Catholics have always had to deal with prejudice, and now, after almost a decade of revelations about sexual abuse endorsed and covered up by the Church, Catholic animosity is at an all-time high. Mention you are Catholic and immediately you are asked about the sexual abuse. This is understandable and should not be resented. We are in the middle of a great reckoning and Catholics have to face it. To have an entire play centered on the Pope without one pedophile joke, or one gay priest joke, also seemed jarring to the audience.
John Guare was writing about a certain time in Catholic history, following the revolutionary upheavals of Vatican II, which changed the entire world for Catholics. It was part of the social revolution in the world at large, boundaries breaking down, barriers falling away. It’s no coincidence Vatican II took place in the 1960s. The Pope’s visit to New York was a groundbreaking moment for Catholics to be proud of their faith, and proud of the leader of their faith. House of Blue Leaves presents this in an uncomplicated manner, as part and parcel of the feeling of that particular time, which, more than anything else, makes it feel like a period piece, in light of the anger about the Catholic Church today.

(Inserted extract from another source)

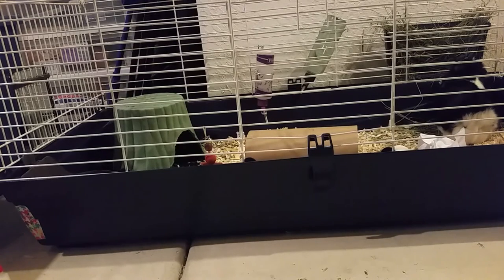Pet store guinea pigs have URIs a lot of the time because they're often kept in aquariums which have poor airflow, and their cages aren't always the cleanest. There are also a lot of baby guinea pigs kept together, and since baby guinea pigs are more prone to URIs and URIs are highly contagious, if one gets it, they all get it.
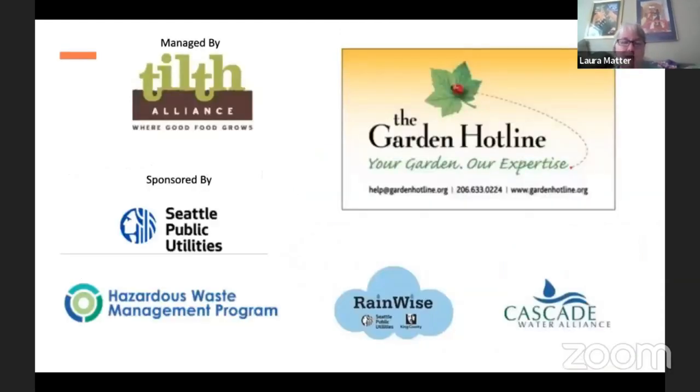The Garden Hotline is a program managed by Tilth Alliance, sponsored by Seattle Public Utilities, the Hazardous Waste Management Program in King County, the RainWise program, and Cascade Water Alliance. They're out around the county talking to people about how to grow things using natural methods to manage pests, natural fertilizers, and practices that don't pollute waterways. Thank you so much, Laura — fabulous presentation as always.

While Guare makes a larger point about celebrity, by looping the Pope in with movie stars and rock stars (Bunny wears a huge button on her coat that says I LOVE PAUL, a leftover from the Beatles’ visit to New York, but she figures it will serve the same purpose for the “Paul” currently visiting New York), there is no underlying anger in the play about the organization in and of itself.
Despite the overall malaise of the production, besides the beautiful set design by Scott Pask, which, with its grimy apartment overshadowed by a crumply fabric sky, captures the dual tone of Guare’s play (the dark and the hopeful), there is one reason to see it, and that is Edie Falco’s performance as Bananas Shaughnessy. I had heard stories about Falco’s power in live performances, but I had never seen her in a play before.
As Bananas, the housebound schizophrenic wife, she is luminous and tragic. From 1999 to 2007, Falco became a household name with her portrayal of Carmela Soprano, the wife of the Mob boss in the culture-shifting HBO series The Sopranos. With her perfect hair and perfect outfits, Falco as Carmela often vibrated a deep howl of pain and betrayal, a woman who built her entire life on self-deception. It was a tour de force. Here, as Bananas, she wears a ratty nightgown and sloppy socks, and her emotions spark and fray. You cannot look away from her, even when she sits in a corner in a catatonic state as all hell breaks loose around her. Her emotions seem to be on the outside of her skin.
If you want to discover the right tone for John Guare’s difficult play, then just watch the miraculous Edie Falco at any given moment. It’s all there in her.